START MATERIAL PROVIDED
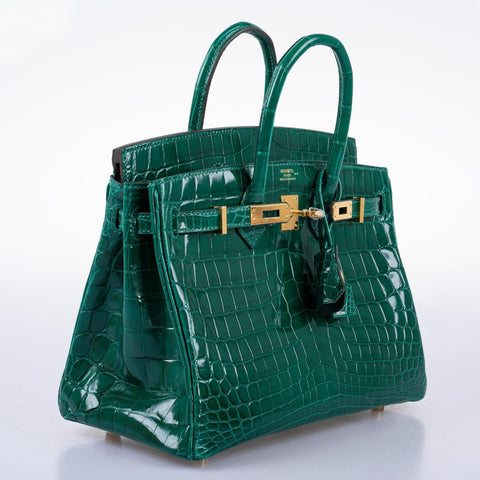 Hermès Birkin 25 Vert Emerald Shiny Niloticus Crocodile Gold Hardware
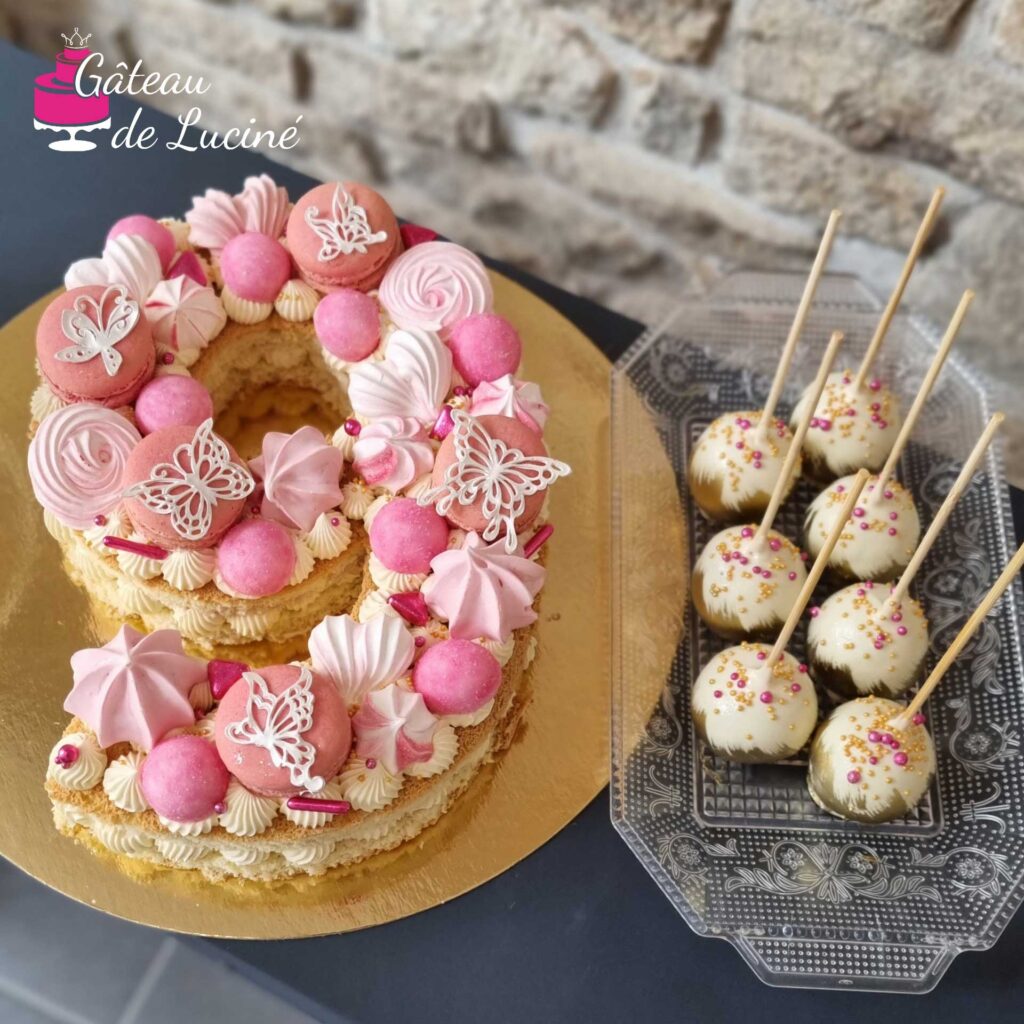 Number cake Dijon : gâteau chiffre personnalisé rose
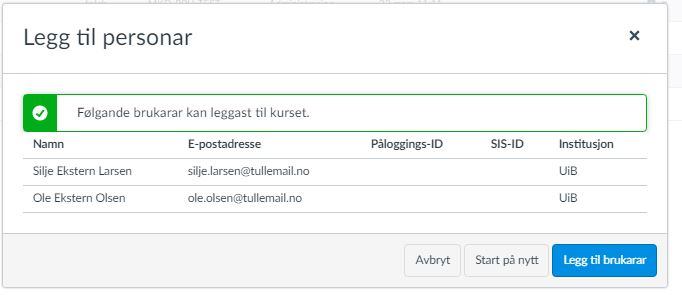 Skjermbilde av det siste menybildet under "Legg til personer", hvor man kan legge til brukere/invitere brukere.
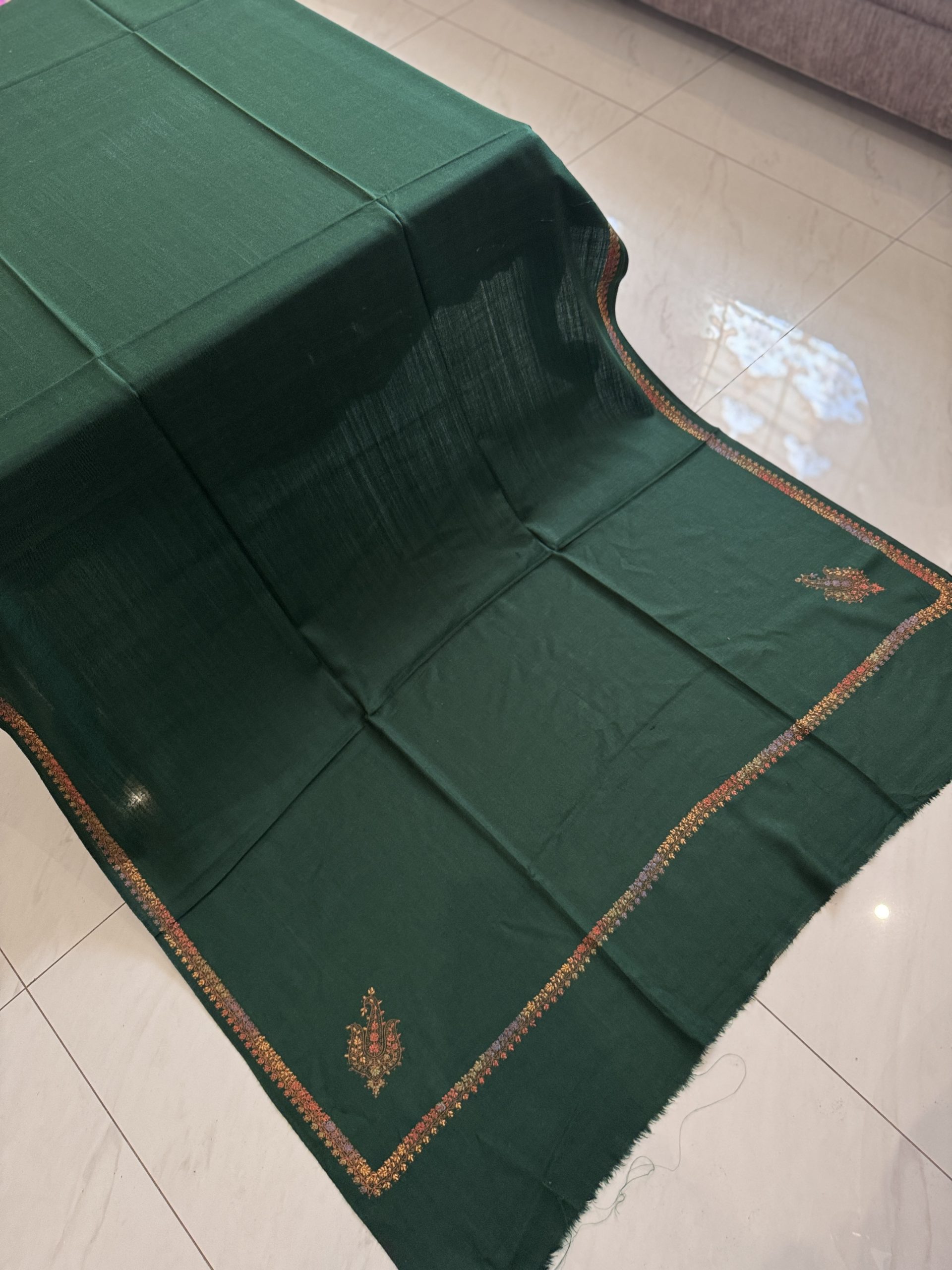 Bottle Green Kingri Style Border Embroidered Shawl (2.5 yards) - Image 3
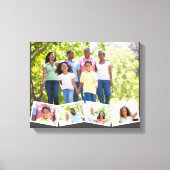 Familie Foto Collage Zigzag Foto Strip Dark Gray Canvas Afdruk (Voorkant)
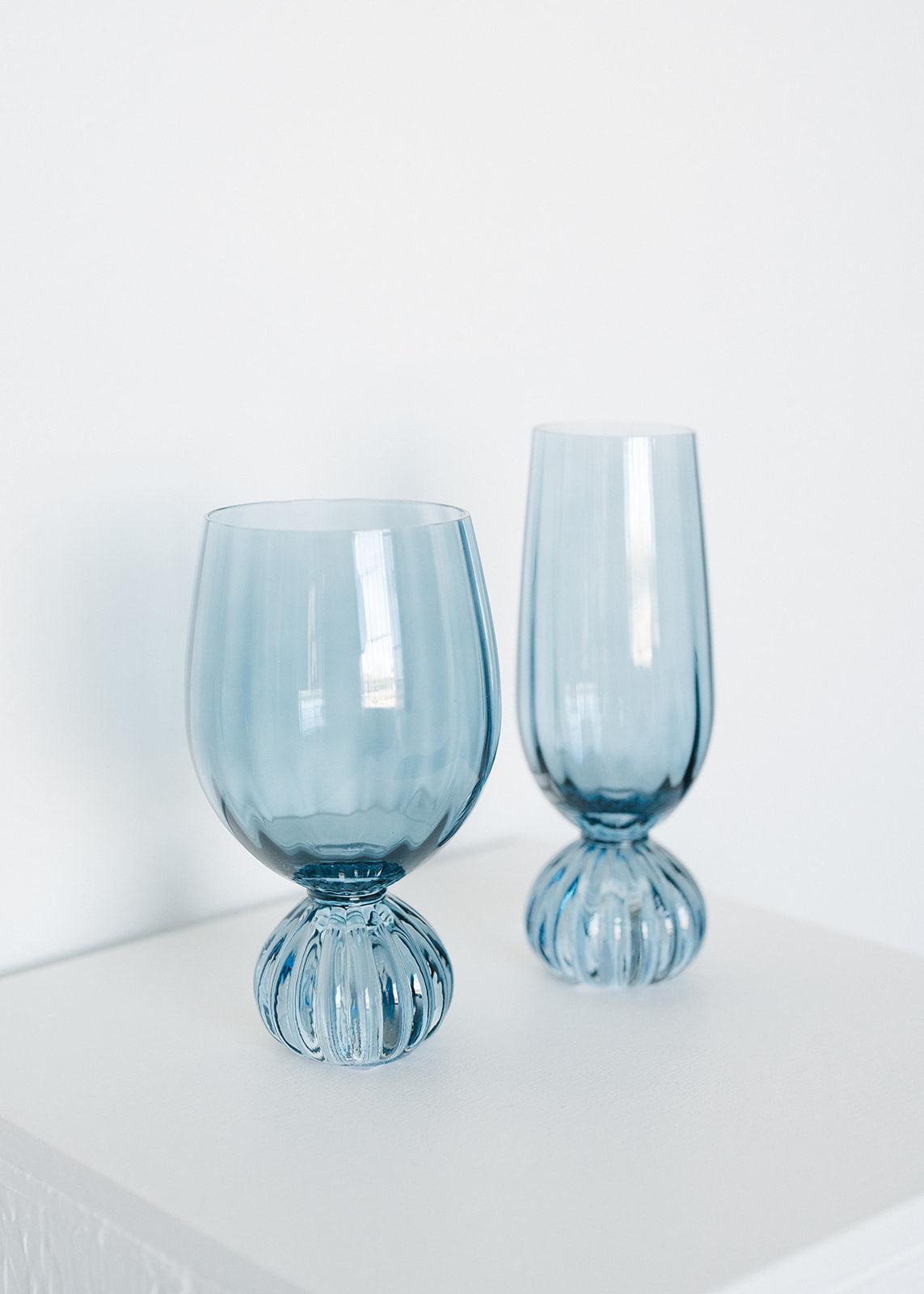 Blue Footed Wine Glass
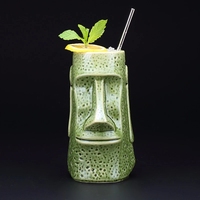 Mug Tiki rétro de style indien et hawaïen, portrait de plage côtière spécial, céramique en porcelaine osseuse, 700 ml, verre à cocktail réutilisable pour les fêtes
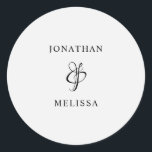 Adesivo Selo de Vinheta de Envelope de Casamento de Script<br><div class="desc">Selo de Vinheta de Envelope de Casamento de Script Moderno Simples</div>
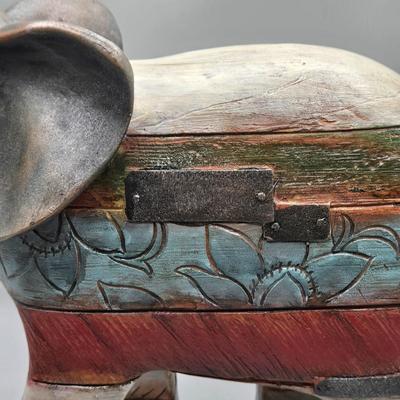 LOT 46: Ceramic Elephant Incense Holder, Vintage Colorful Elephant Figurine, 2 Ceramic Planters with Faux Succulents, and More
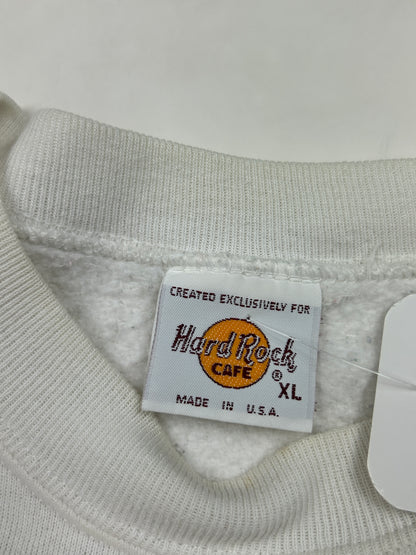 Vintage 90s Hard Rock Cafe Los Angeles Embroidered Crew Neck Sweatshirt Size XL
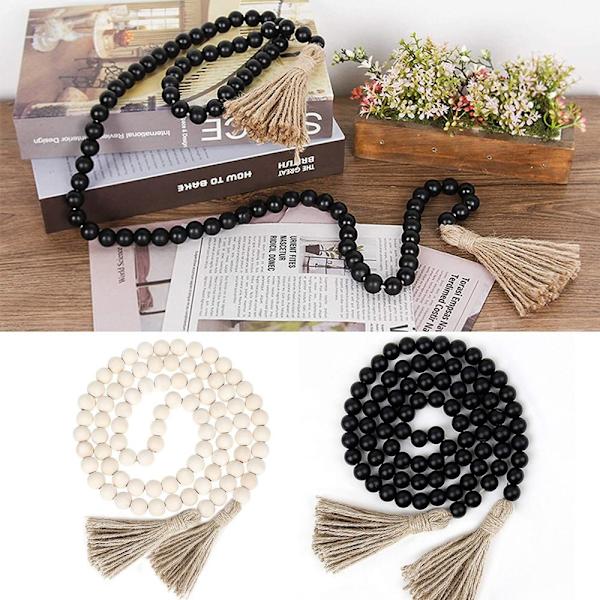 Wooden Beaded Girlander Farmhouse Beads Rustikk SORT 84 BEADS 84 black 84 beads-84 beads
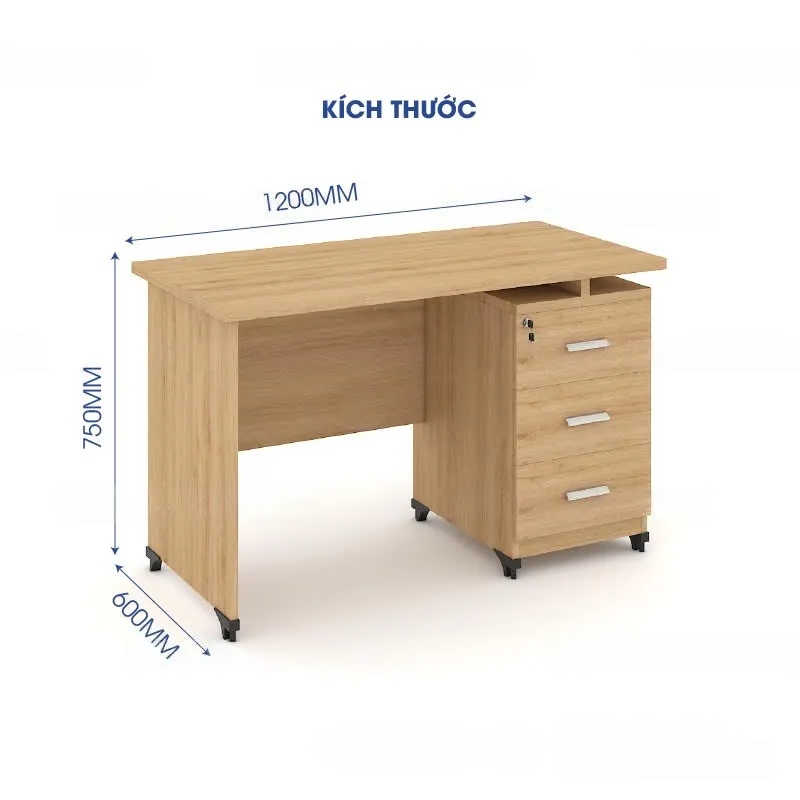 Bàn Làm Việc Văn Phòng Gỗ Công Nghiệp Kèm Hộc - BG58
END MATERIAL PROVIDED
WHAT IS BEING ASKED >> From the line containing "Skjermbilde av det" to the final line above, both included, transcribe every line exactly and leave all pictures out.

EXERCISE RESPONSE >>
 Skjermbilde av det siste menybildet under "Legg til personer", hvor man kan legge til brukere/invitere brukere.
 Bottle Green Kingri Style Border Embroidered Shawl (2.5 yards) - Image 3
 Familie Foto Collage Zigzag Foto Strip Dark Gray Canvas Afdruk (Voorkant)
 Blue Footed Wine Glass
 Mug Tiki rétro de style indien et hawaïen, portrait de plage côtière spécial, céramique en porcelaine osseuse, 700 ml, verre à cocktail réutilisable pour les fêtes
 Adesivo Selo de Vinheta de Envelope de Casamento de Script<br><div class="desc">Selo de Vinheta de Envelope de Casamento de Script Moderno Simples</div>
 LOT 46: Ceramic Elephant Incense Holder, Vintage Colorful Elephant Figurine, 2 Ceramic Planters with Faux Succulents, and More
 Vintage 90s Hard Rock Cafe Los Angeles Embroidered Crew Neck Sweatshirt Size XL
 Wooden Beaded Girlander Farmhouse Beads Rustikk SORT 84 BEADS 84 black 84 beads-84 beads
 Bàn Làm Việc Văn Phòng Gỗ Công Nghiệp Kèm Hộc - BG58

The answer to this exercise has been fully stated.